These listing particulars have been prepared by us and the Issuer solely for use in connection with the
proposed offering of the Notes. Citigroup Global Markets Inc. and Santander Investment Securities Inc.
will act as initial purchasers with respect to the offering of the Notes. These listing particulars do not
constitute an offer to any other person or to the public generally to subscribe for or otherwise acquire
securities. You are authorized to use these listing particulars solely for the purpose of considering the
purchase of the Notes. In making an investment decision, you should rely on your own evaluation of the
Issuer, the Company, the Loans, the Notes and the terms of the offering, including the merits and risks
involved.
In making your investment decision, you should rely only on the information contained in these listing
particulars. Neither we, the Issuer nor the Initial Purchasers have authorized anyone to provide you with
any other information. If you receive any other information, you should not rely on it as having been
authorized. You should not assume that the information contained in these listing particulars is accurate
at any date other than the date on the front cover of these listing particulars. Neither the delivery of these
listing particulars nor any sale made hereunder shall, under any circumstances, imply that the information
herein is correct as of any date subsequent to the date on the cover of these listing particulars. The Initial
Purchasers make no representation or warranty, expressed or implied, as to the accuracy or completeness
of the information contained in these listing particulars. Nothing contained in these listing particulars is,
or shall be relied upon as, a promise or representation by the Initial Purchasers. The Initial Purchasers
assume no responsibility for its accuracy or completeness and accordingly disclaim, to the fullest extent
permitted by applicable law, any and all liability whether arising in tort, contract or otherwise which they
might otherwise be found to have in respect of this document or any such statement.

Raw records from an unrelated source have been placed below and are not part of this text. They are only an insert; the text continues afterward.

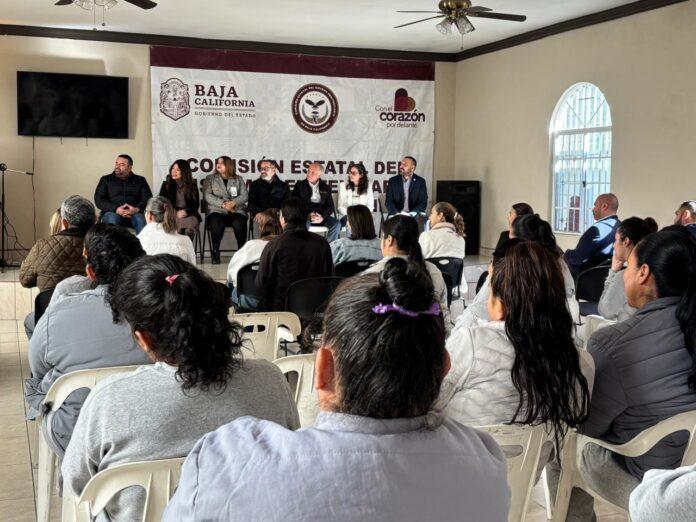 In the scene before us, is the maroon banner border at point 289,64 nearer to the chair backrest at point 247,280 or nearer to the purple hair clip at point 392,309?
the chair backrest at point 247,280

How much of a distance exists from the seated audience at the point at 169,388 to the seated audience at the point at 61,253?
2.49 m

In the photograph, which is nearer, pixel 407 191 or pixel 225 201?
pixel 225 201

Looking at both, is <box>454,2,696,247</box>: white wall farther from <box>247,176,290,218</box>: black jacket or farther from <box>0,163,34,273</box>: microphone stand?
<box>0,163,34,273</box>: microphone stand

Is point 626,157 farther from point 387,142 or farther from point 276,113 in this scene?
point 276,113

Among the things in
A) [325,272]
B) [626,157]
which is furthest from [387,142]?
[325,272]

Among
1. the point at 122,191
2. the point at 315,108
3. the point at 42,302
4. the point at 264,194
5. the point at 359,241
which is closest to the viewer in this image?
the point at 42,302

Having made all reasonable inquiries, we and the Issuer confirm that the information contained in these
listing particulars with regard to us and the Issuer is true and accurate in all material respects, that the
opinions and intentions expressed in these listing particulars are honestly held, and that there are no other
facts the omission of which would make these listing particulars as a whole or any of such information or
the expression of any such opinions or intentions misleading in any material respect. We and the Issuer
accept responsibility accordingly.
The Issuer and the Initial Purchasers are offering to sell the Notes only in places where offers and sales
are permitted.
These listing particulars do not constitute an offer of, or an invitation by or on behalf of us, the Issuer, any
Initial Purchaser or the Indenture Trustee (as defined herein) to subscribe or purchase, any of the Notes in
any jurisdiction where such offer is not permitted. You must comply with all applicable laws and
regulations in force in your jurisdiction and you must obtain any consent, approval or permission required
by you for the purchase, offer or sale of the Notes under the laws and regulations in force in your
jurisdiction to which you are subject or in which you make such purchase, offer or sale and neither we,
the Issuer nor the Initial Purchasers will have any responsibility therefor.
iv






Citibank, N.A., in each of its capacities (including but not limited to Indenture Trustee, Registrar, Paying
Agent, Transfer Agent, Offshore Collateral Agent and Administrative Agent), has not participated in the
preparation of these listing particulars and assures no responsibility for its contents.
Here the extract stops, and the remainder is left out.